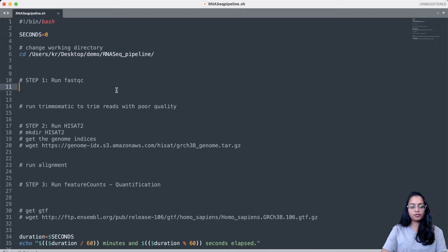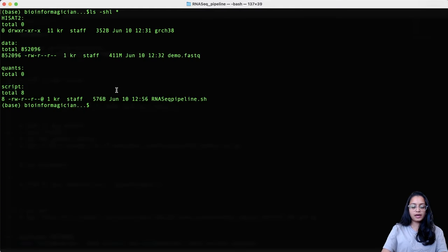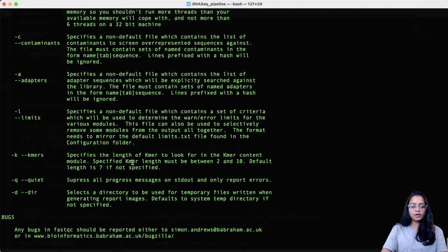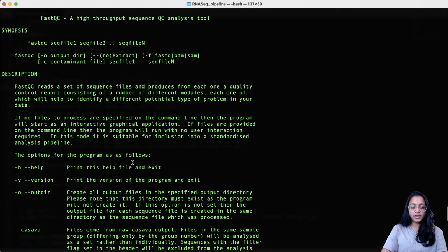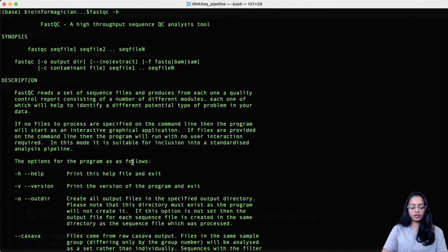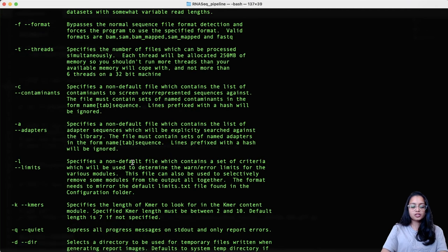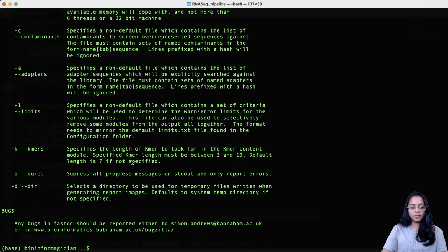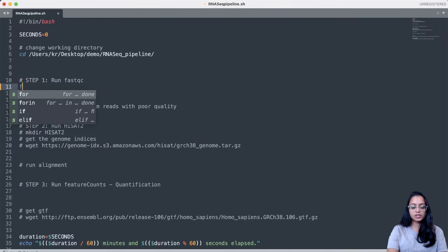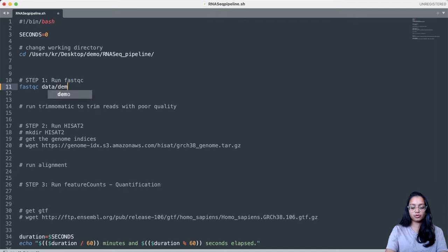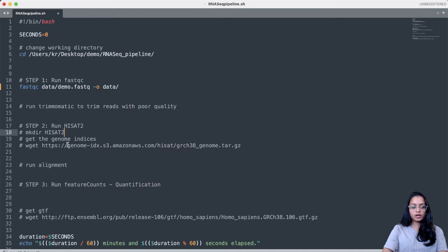The first step to process RNAseq reads is to perform quality control using FastQC. In the terminal, you can type 'fastqc -h' to open the help page, which shows expected inputs, outputs, and additional options. It's always recommended to check the help page before running any tool. I'll run FastQC on the input file demo.fastq in the data folder, with output also going to the data folder, so we can assess the quality of the reads and decide whether trimming is needed.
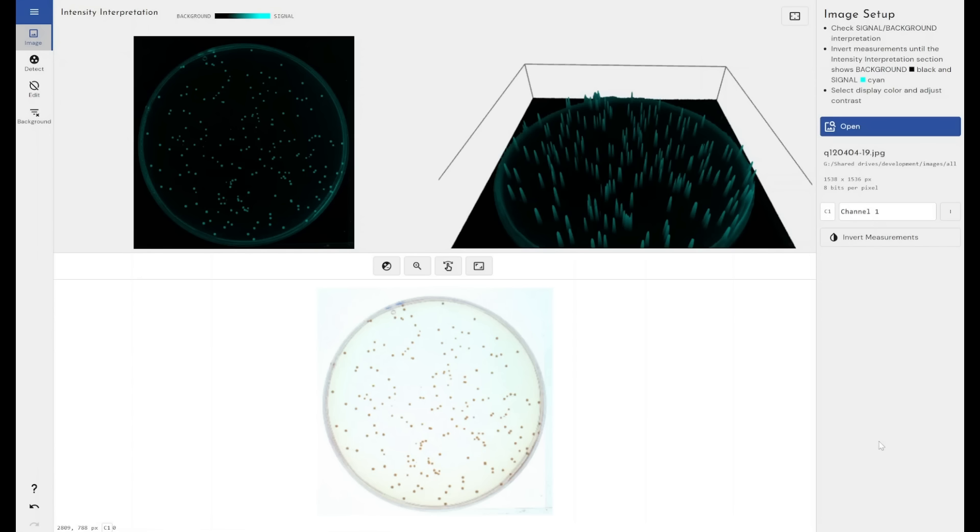If you've used any of our other Phoretix modules of image analysis software, you'll recognize this screen. This is the image setup screen. I brought in this image and it's not the world's best quality image. It's a JPEG image, so it's been compressed and it's only got a bit depth of eight bits per pixel.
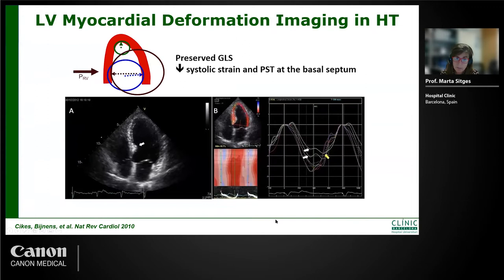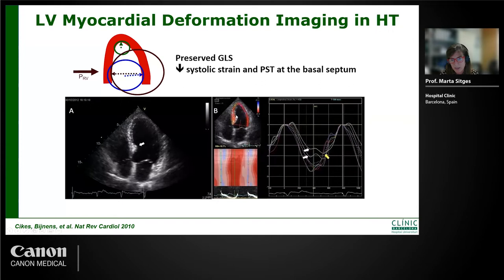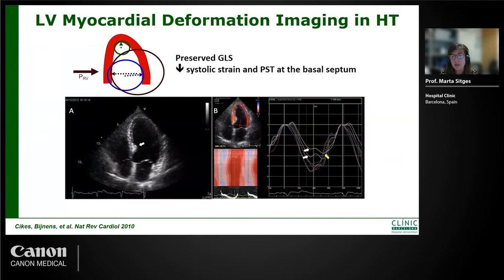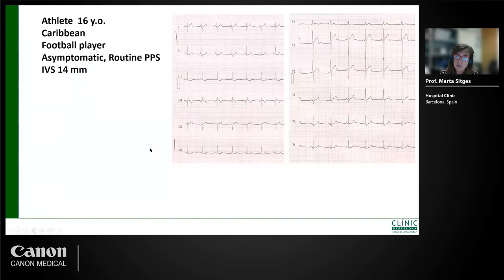In hypertension, as in the athlete I showed before, we have typically increased septum thickness with concentric LV hypertrophy. The post-systolic thickening in the basal septum appears because this area has more wall stress and is more susceptible to increased afterload. The athlete was recommended to be checked for hypertension, and even during exercise testing, we recommended controlling his hypertension.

+===+

Return, exactly as they stand, all of the lines above, but not the pictures.

The first step to process RNAseq reads is to perform quality control using FastQC. In the terminal, you can type 'fastqc -h' to open the help page, which shows expected inputs, outputs, and additional options. It's always recommended to check the help page before running any tool. I'll run FastQC on the input file demo.fastq in the data folder, with output also going to the data folder, so we can assess the quality of the reads and decide whether trimming is needed.
If you've used any of our other Phoretix modules of image analysis software, you'll recognize this screen. This is the image setup screen. I brought in this image and it's not the world's best quality image. It's a JPEG image, so it's been compressed and it's only got a bit depth of eight bits per pixel.
In hypertension, as in the athlete I showed before, we have typically increased septum thickness with concentric LV hypertrophy. The post-systolic thickening in the basal septum appears because this area has more wall stress and is more susceptible to increased afterload. The athlete was recommended to be checked for hypertension, and even during exercise testing, we recommended controlling his hypertension.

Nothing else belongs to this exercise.